7.24.2008

If you hire people who don't speak good english, they need to be really good at their jobs!

I officially hate Lowes. For those of you that might not know, Lowes is the California’s big-name hardware store. And I hate it. I hate it with a passion usually reserved only for ballpoint pens and bad driving directions. I hate it so much walking into it, those high shelves, the concrete floors, the greasy, sawdusty, sweaty smell, the people in their cute little blue vests who DON’T speak English and HAVE NO IDEA WHERE ANYTHING IS!

Today, I had to go to Lowes, to buy some I-rings, some S-hooks, a long thin piece of pine, some large metal rings and a small wooden dowel. THIS SMALL SIMPLE LIST TOOK ALMOST TWO HOURS. First there was the guy with the hearing aid that couldn’t hear my pleasant “excuse me sir, where are these rings in a smaller size” and left me standing there feeling extremely awkward until he turned around and almost bumped into me. Right there I was ready to forgive him, I mean, who was I to judge? He couldn’t hear me! I mean, for all I know his mother boxed his ears as a child, and he’s some sort of musical genius who’s going to write nine symphonies and cut the legs off his pianos so he can feel the vibrations through the floor. But possible musical brilliance aside, he still couldn’t tell me where the small I-rings were.

Now I am not racist, nor do I have a problem with stores hiring people with disabilities. I simply think that if you do hire people with imperfect english for whatever reason, they need to be REALLY GOOD AT THEIR JOB or in the back, stocking shelves.
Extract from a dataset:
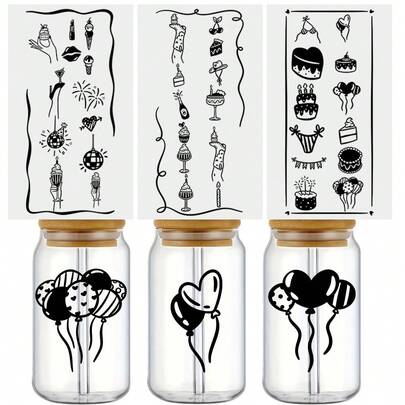 3张黑色手绘“生日快乐”图案UV DTF贴纸，贴纸艺术与手工制品，专为骑行设计，防水防刮，适用于玻璃杯、马克杯、礼品盒、手机壳、书签、笔记本、骑行头盔、自行车车架、轮毂等表面，可用于书房装饰、家居装饰、节日装饰、骑行装饰、氛围装饰等，为生活增添独特点缀。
It is ridiculous for me not to be able to find a single person in a hardware store who can articulately and concisely tell me exactly where I need to go for what.
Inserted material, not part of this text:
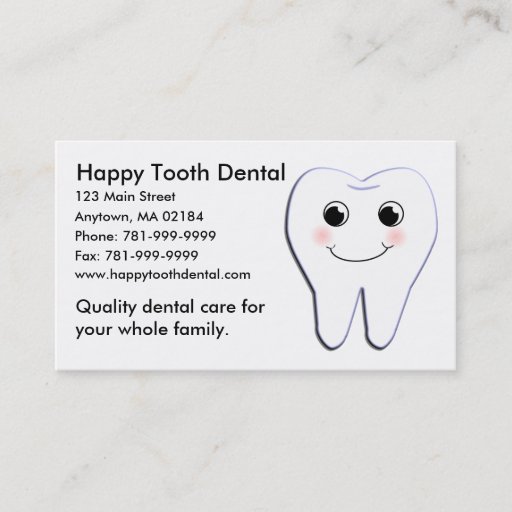 Customizable KRW Custom Happy Tooth Dental Appointment Business Card Template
The lady with the weird middle-eastern accent couldn’t tell me where the aluminum s-hooks were, and the weird and thickly lisping Indian guy couldn’t tell me where the pine was, and the weird young emo kid who literally DID NOT OPEN HIS MOUTH WHEN SPEAKING could not tell me where the dowels were. All in all, it was NOT a good trip. And it gets worse! Upon getting home, I discovered that the WHOLE BOX OF I-HOOKS was left at the store. So I have to go back. Early. In. The. Morning.

I also currently hate fake flowers, but that’s a story for another day. As are the 5 wonderful hours I spent with the ONLY girl I have ever felt truly comfortable with. I love you Jules!
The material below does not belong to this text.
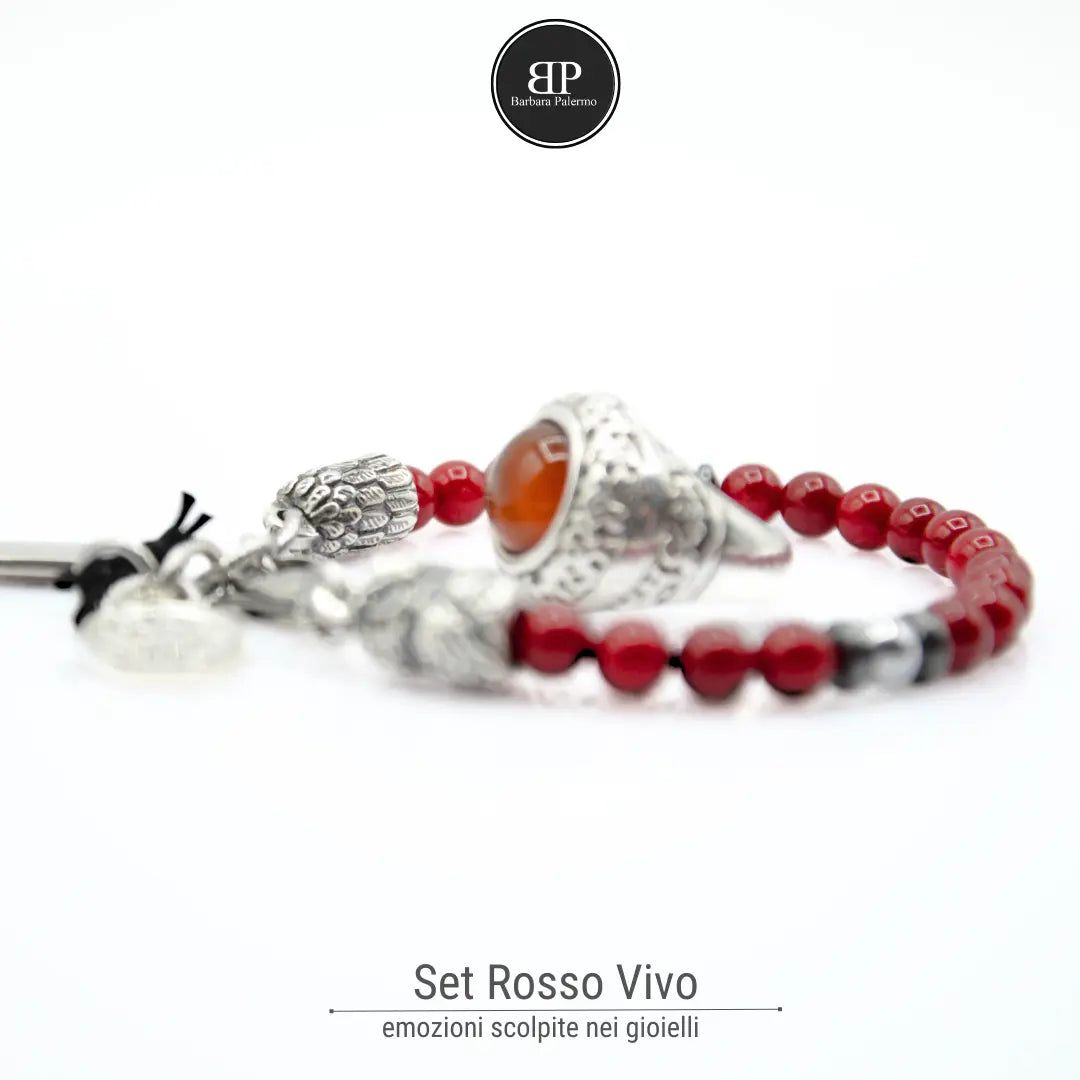 Knallrotes Set: Ring und Armband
I have decided, due to a pinched nerve in my shoulder, and more incredibly painful back problems to not do anymore of the yoga I was trying to do. More on that soon as well.



2 remarks:

Anonymous said...

rant.

Wifey said...

xoxoxo!!! And sucks about the i-rings. Lowes commercials annoy me. As a rule i never go there. "Let's build something together." Bullshit. Let's have a fight while we try to figure out what the hell we're making. Grrrr. Home Depot children represent! Hahaha.